In deze uitspraak van het College van Beroep voor het bedrijfsleven op 30 april 2024, betreft het een beroep van [naam] tegen de vaststelling van zijn subsidie voor een zonneboiler op nihil door de minister voor Klimaat en Energie. De minister had op 23 maart 2023 een vaststellingsbesluit genomen, waarin de subsidie op € 0,- werd vastgesteld omdat [naam] onjuiste gegevens had verstrekt bij zijn subsidieaanvraag. De aanvraag was ingediend op 10 juni 2022, terwijl de zonneboiler al op 1 juni 2022 was aangeschaft, wat in strijd is met het vereiste van stimulerend effect. Dit vereiste houdt in dat de subsidieaanvraag moet worden gedaan voordat de aankoop van de apparatuur plaatsvindt.

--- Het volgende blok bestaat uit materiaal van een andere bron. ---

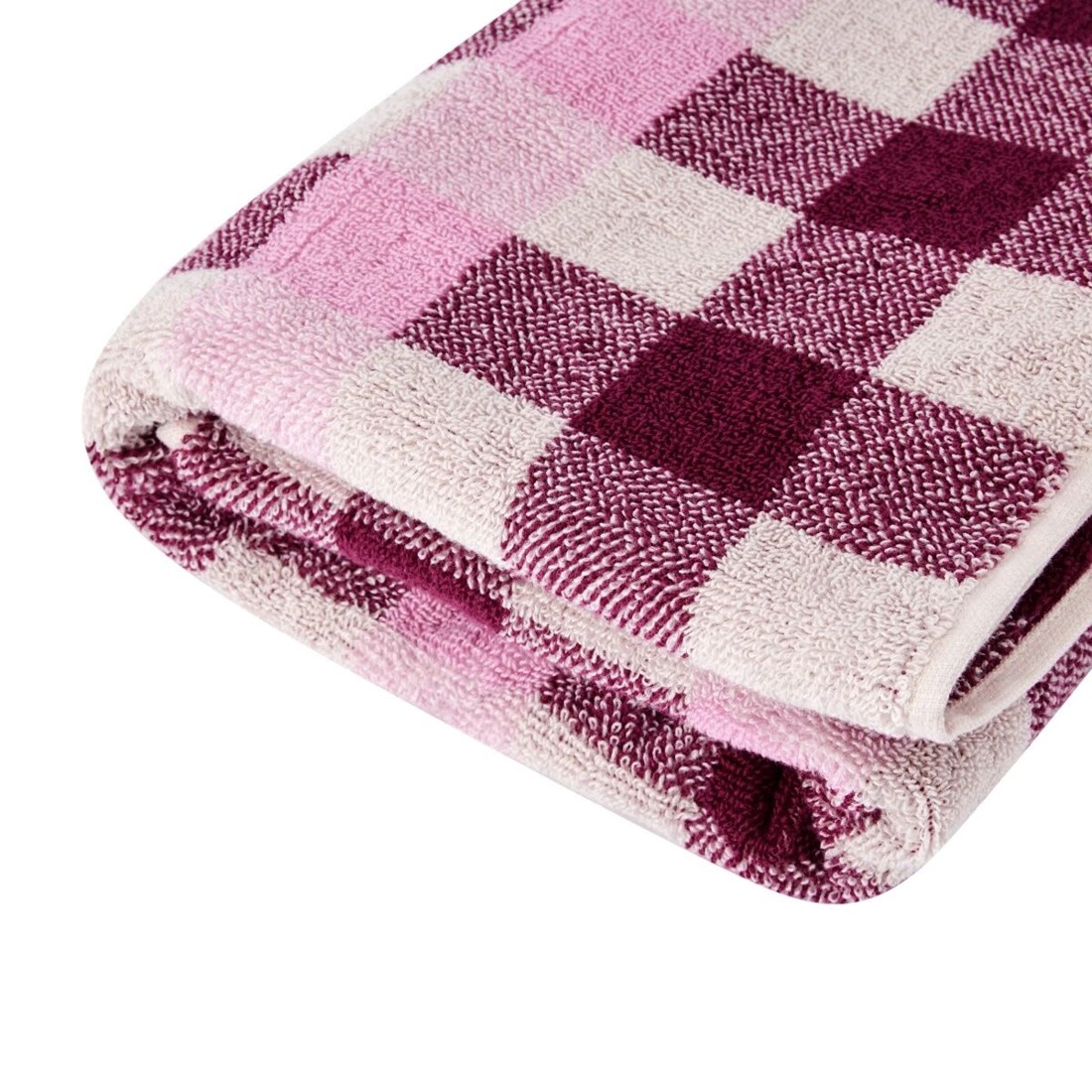 4 Cotton Check Bath Towel - Pink, 4 of 5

Tijdens de zitting op 19 maart 2024 heeft [naam] betoogd dat de vaststelling op nihil onterecht is, omdat het enkel om datums zou gaan en hij niet op de hoogte was van de subsidievoorwaarden. Het College heeft echter geoordeeld dat de minister terecht de subsidie op nihil heeft vastgesteld, omdat [naam] de aankoopverplichting al was aangegaan voordat hij de subsidieaanvraag indiende. Het College heeft vastgesteld dat er geen bijzondere omstandigheden zijn die de vaststelling op nihil onredelijk bezwarend maken voor [naam].

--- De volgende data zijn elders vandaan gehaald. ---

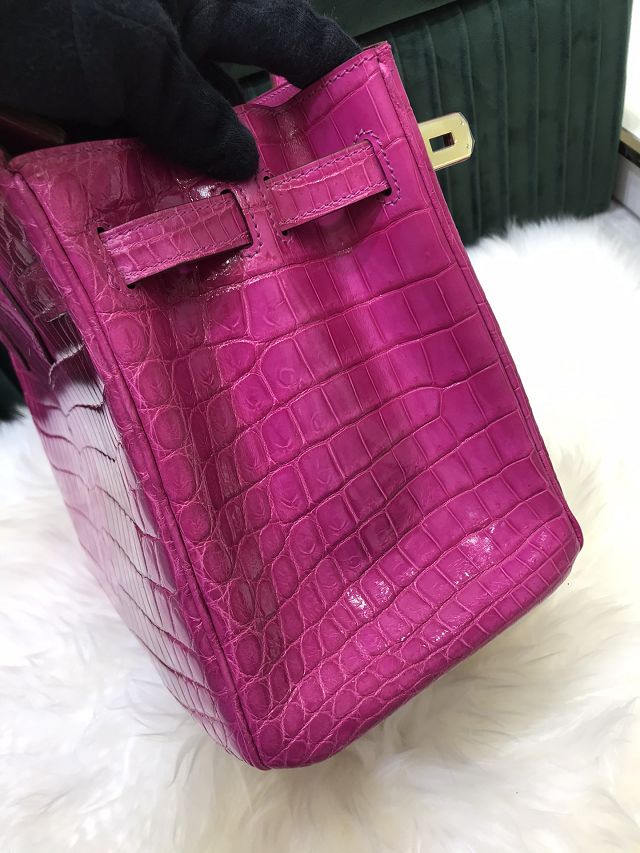 Hermes genuine crocodile leather birkin bag BK350 rose sheherzade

De uitspraak benadrukt het belang van het naleven van de subsidievoorwaarden en de verantwoordelijkheden van de aanvrager om zich te informeren over de regels. Het College heeft het beroep ongegrond verklaard en de minister hoeft geen proceskosten te vergoeden. De beslissing is openbaar uitgesproken en de relevante wettelijke kaders zijn in de bijlage opgenomen.